● **Exercise goal**:
Transcribe the entries below exactly; leave every image out.

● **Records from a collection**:
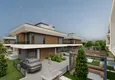 Купить  Старт продаж! Новый проект комплекса вилл в живописном районе Аяш-Мерсин  23 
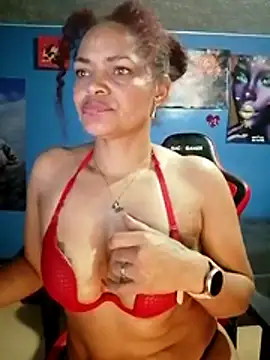 Show Webcam de Helensex1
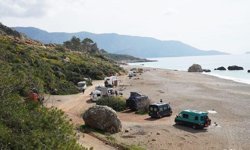 Karavancılara Şok!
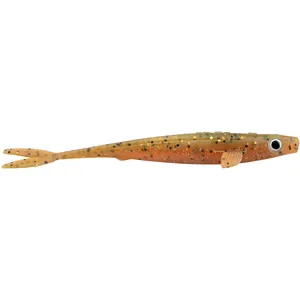 Comparateur de prix : Leurre Souple Spro Iris V-Power 16cm : Coloris Spro - UV Goby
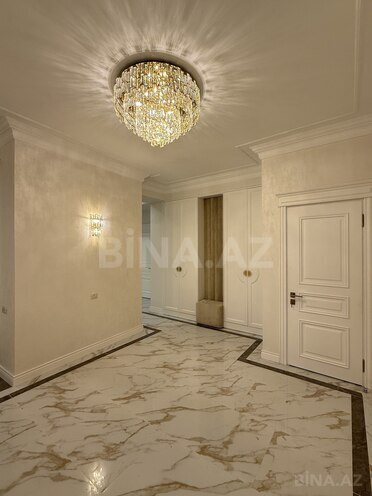 Satılır 4 otaqlı yeni tikili 206 m², Elmlər Akademiyası m., photo 23 from 32
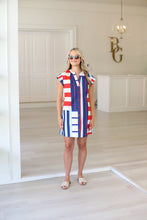 Tucker Dress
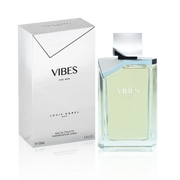 Louis Varel Vibes 100Ml EDT Perfume For Men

● **Solution for this task**:
 Купить  Старт продаж! Новый проект комплекса вилл в живописном районе Аяш-Мерсин  23 
 Show Webcam de Helensex1
 Karavancılara Şok!
 Comparateur de prix : Leurre Souple Spro Iris V-Power 16cm : Coloris Spro - UV Goby
 Satılır 4 otaqlı yeni tikili 206 m², Elmlər Akademiyası m., photo 23 from 32
 Tucker Dress
 Louis Varel Vibes 100Ml EDT Perfume For Men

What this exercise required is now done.